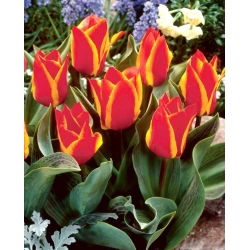 Tulipan Engadin - 5 szt.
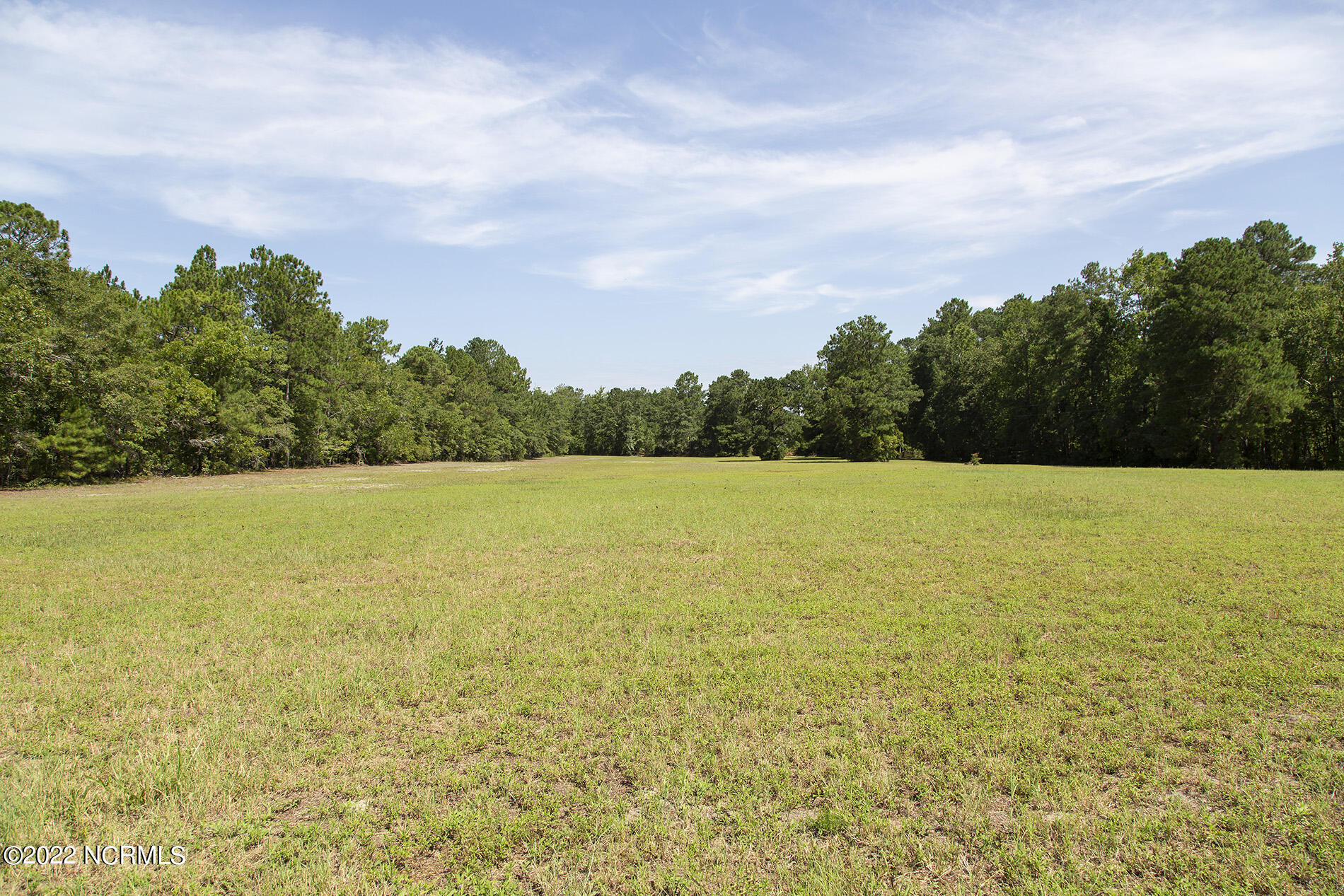 4004 Borough Road Currie, NC 28435 - Photo 58 of 65 Borough-4004-field-Shane.SamL33A5455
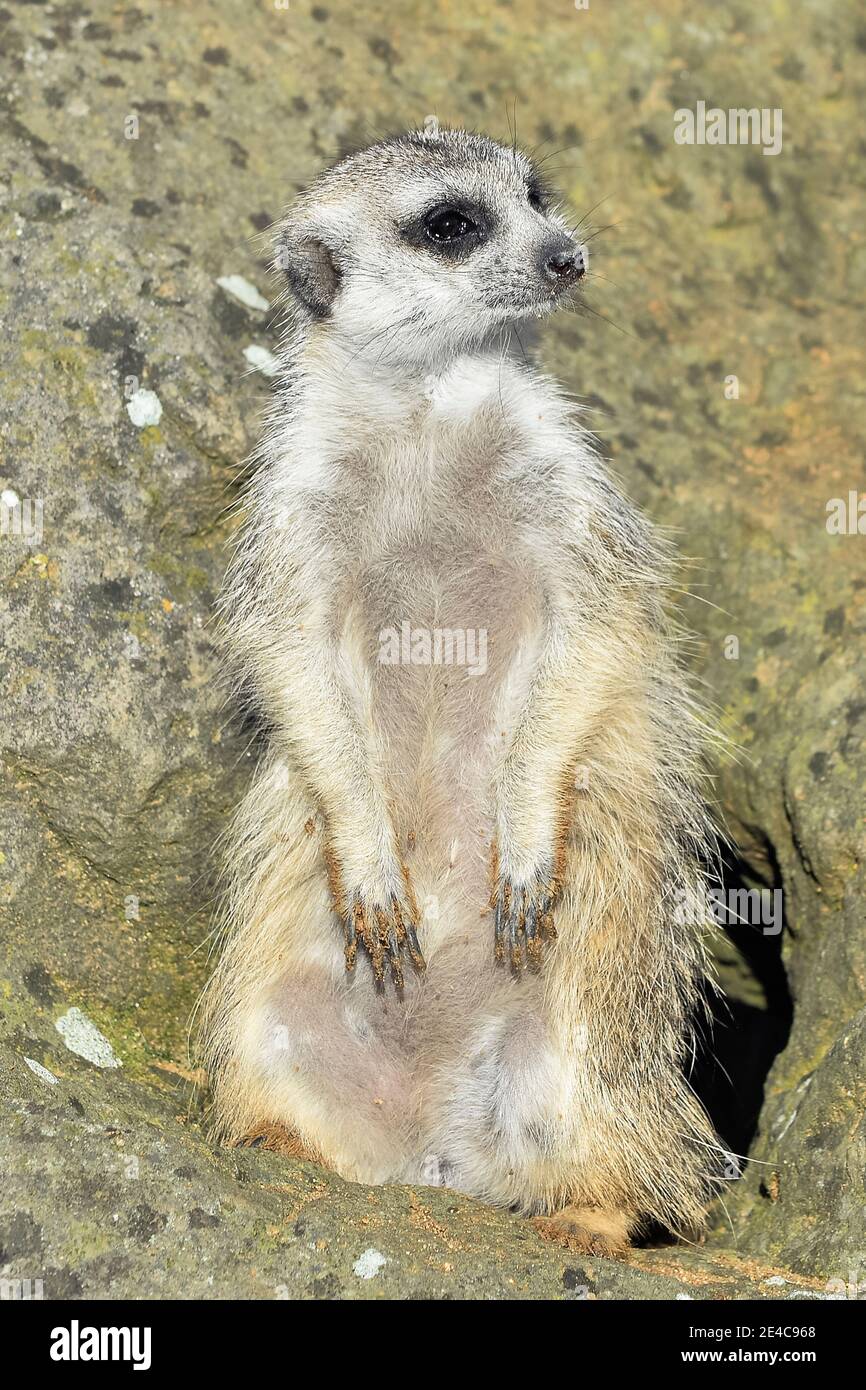 Suricate Funny High Resolution Stock Photography And Images Alamy Suricate Funny High Resolution Stock Photography And Images Alamy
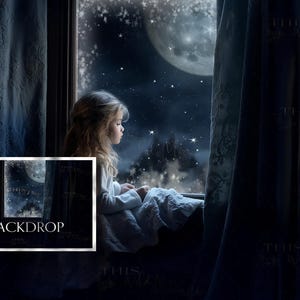 Frosted Winter Magic digital background, Snow, Winter digital background, winter nights, Snowy winter, Winter, Creative composite backdrop
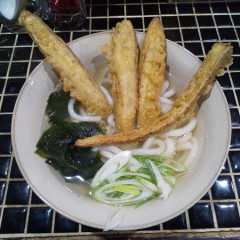 うどん でんぶの画像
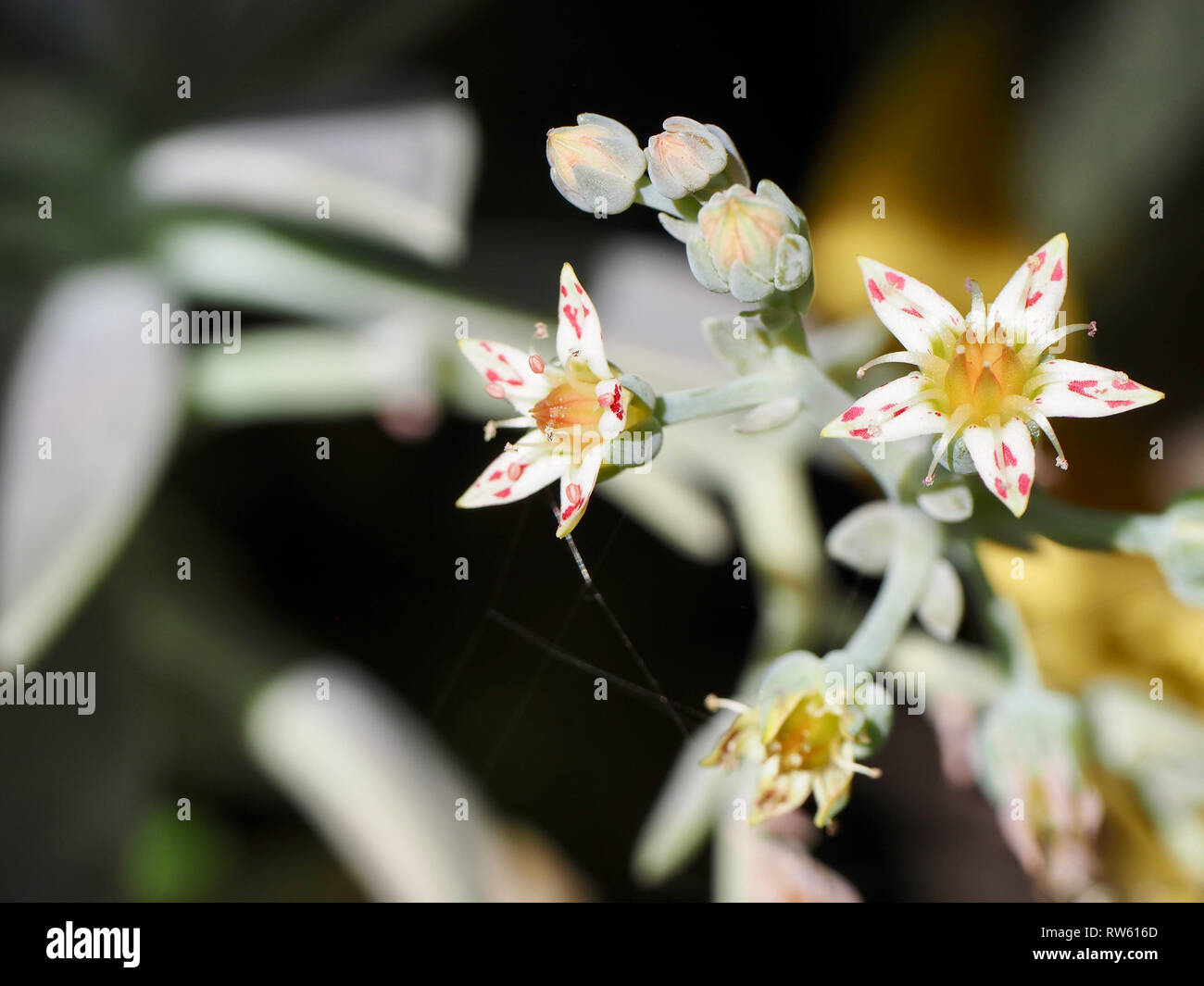 Star Blumen Stockfoto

• Your task:
The response should consist of the entries above, given again exactly and free of pictures.

• Finished exercise:
 Tulipan Engadin - 5 szt.
 4004 Borough Road Currie, NC 28435 - Photo 58 of 65 Borough-4004-field-Shane.SamL33A5455
 Suricate Funny High Resolution Stock Photography And Images Alamy Suricate Funny High Resolution Stock Photography And Images Alamy
 Frosted Winter Magic digital background, Snow, Winter digital background, winter nights, Snowy winter, Winter, Creative composite backdrop
 うどん でんぶの画像
 Star Blumen Stockfoto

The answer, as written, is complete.